Re: Diner: Seven & Marta
Seven wasn't sure how she looked. She was skinny, which - yeah, okay, he'd noticed that as soon as she stepped into the arch of the diner's doorway. He wasn't completely caught off-guard by that. She'd been too skinny the last time he'd seen her, right? Standing there in the middle of the street like a roadrunner caught in the Wile E Coyote's latest trap, like he was something dangerous. Like she was just waiting for the bottom of her world to fall out from under her at his behest.
Like she was waiting for him to hurt her.
So, okay. There were a bunch of things that Seven wasn't thinking about, or trying not to, in this moment: how she looked, bare bones and shadowed cheeks and eyes just a bit too sunk into her features. How she was strung tight like her tendons were razor wire, waiting to get all shredded at a snap of his fingers that he didn't want to come.

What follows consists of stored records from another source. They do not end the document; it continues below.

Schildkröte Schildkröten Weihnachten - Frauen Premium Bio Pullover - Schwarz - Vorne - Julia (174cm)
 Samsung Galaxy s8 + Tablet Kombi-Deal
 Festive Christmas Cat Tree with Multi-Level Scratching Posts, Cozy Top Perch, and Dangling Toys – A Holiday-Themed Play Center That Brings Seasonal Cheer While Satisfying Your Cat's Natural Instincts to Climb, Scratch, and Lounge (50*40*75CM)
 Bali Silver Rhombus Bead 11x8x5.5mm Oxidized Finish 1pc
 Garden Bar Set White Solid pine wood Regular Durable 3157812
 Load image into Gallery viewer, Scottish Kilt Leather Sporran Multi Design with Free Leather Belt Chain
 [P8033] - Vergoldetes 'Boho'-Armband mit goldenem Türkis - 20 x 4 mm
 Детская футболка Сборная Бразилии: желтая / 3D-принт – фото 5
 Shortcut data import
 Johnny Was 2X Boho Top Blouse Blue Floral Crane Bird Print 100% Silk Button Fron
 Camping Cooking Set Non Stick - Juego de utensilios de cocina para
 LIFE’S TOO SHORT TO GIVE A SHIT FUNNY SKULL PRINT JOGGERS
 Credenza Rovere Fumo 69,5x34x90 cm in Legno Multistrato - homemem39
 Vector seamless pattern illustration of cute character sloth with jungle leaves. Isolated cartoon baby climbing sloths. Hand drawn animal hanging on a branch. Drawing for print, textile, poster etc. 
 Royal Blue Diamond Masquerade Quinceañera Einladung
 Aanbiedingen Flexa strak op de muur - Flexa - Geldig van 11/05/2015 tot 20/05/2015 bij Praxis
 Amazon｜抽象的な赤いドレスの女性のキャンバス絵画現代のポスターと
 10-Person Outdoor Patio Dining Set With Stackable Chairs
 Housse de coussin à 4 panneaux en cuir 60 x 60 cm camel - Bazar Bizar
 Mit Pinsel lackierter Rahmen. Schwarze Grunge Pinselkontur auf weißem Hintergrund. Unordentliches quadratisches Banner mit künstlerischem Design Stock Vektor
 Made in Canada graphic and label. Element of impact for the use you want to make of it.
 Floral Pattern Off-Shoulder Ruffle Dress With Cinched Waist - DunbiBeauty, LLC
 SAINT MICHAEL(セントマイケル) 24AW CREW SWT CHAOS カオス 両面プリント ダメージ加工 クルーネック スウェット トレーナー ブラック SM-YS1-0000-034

Seven didn't find her awkward, but he also knew she wasn't talking to him like he used to be, either. It wasn't about money. They had never been about money. Had they? Seven didn't think so. But how much weight could he put behind what he believed?
"I happen to have it on good authority that this place has the best french toast in a hundred mile radius," he offered, casually. Deliberate. Like he'd be fine either way. "But I don't know if I can do it justice on my own. Wanna split an order with me?"